“`html
Dışişleri Bakanı Hakan Fidan, 61. Münih Güvenlik Konferansı’nda Suriye’nin geleceği hakkında yaptığı açıklamalarla dikkat çekti. Fidan, Suriye’nin on yıldan fazla bir süredir bölgede istikrarsızlık yarattığını dile getirirken, mevcut durumda Suriye’nin sorunlarını çözmek için bir fırsat bulunduğunu vurguladı. Bununla birlikte, birçok ülkenin, komşu ülkeler için tehdit oluşturulmasını istemediği, terörizmin yayılmasını engellemek için çaba gösterdiği ve Suriye’nin toprak bütünlüğünü koruma amacı güttüğü konusunda mutabık kaldığına da dikkat çekti.
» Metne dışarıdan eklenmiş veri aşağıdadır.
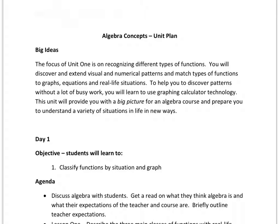We have the algebra concepts unit one plan — there's a typo there, should be a one. This is the first one of these that you will have seen. We usually break it down to the big idea, then we break down each of the day's objectives and what we're hoping to accomplish during that class period. I will read the big idea for you and then we'll go through the days. I'm not going to go through each item but I will point out the areas for you to pay attention to and become familiar with in this format.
Fidan’ın konferansta yaptığı açıklamalardan öne çıkan noktalar ise şu şekilde sıralandı:
“Silahlı milislere müsamaha gösteremeyiz.”
Fidan, Suriye’deki başlıca sorunlardan birinin silahlı grupların nasıl bir araya geleceği olduğuna dikkat çekti. Yeni yönetimin bu konuyu kapsamlı biçimde ele aldığını ve silahlı grupların birleştirilmesi konusunda adımlar attığını belirtti. Türkiye’nin görüşüne göre, ülkede yalnızca tek bir yasal silahlı güç olması gerektiği düşünüldüğünü ifade etti. “Her ne biçimde olursa olsun, silahlı milislere müsamaha gösteremeyiz; çünkü bu deneyimler bölgeye sadece kaos ve istikrarsızlık getirmiştir,” diyen Fidan, halkın düzenini, güvenliğini sağlamak adına milisleri tek bir ulusal ordu altında toplamanın önemine de vurgu yaptı.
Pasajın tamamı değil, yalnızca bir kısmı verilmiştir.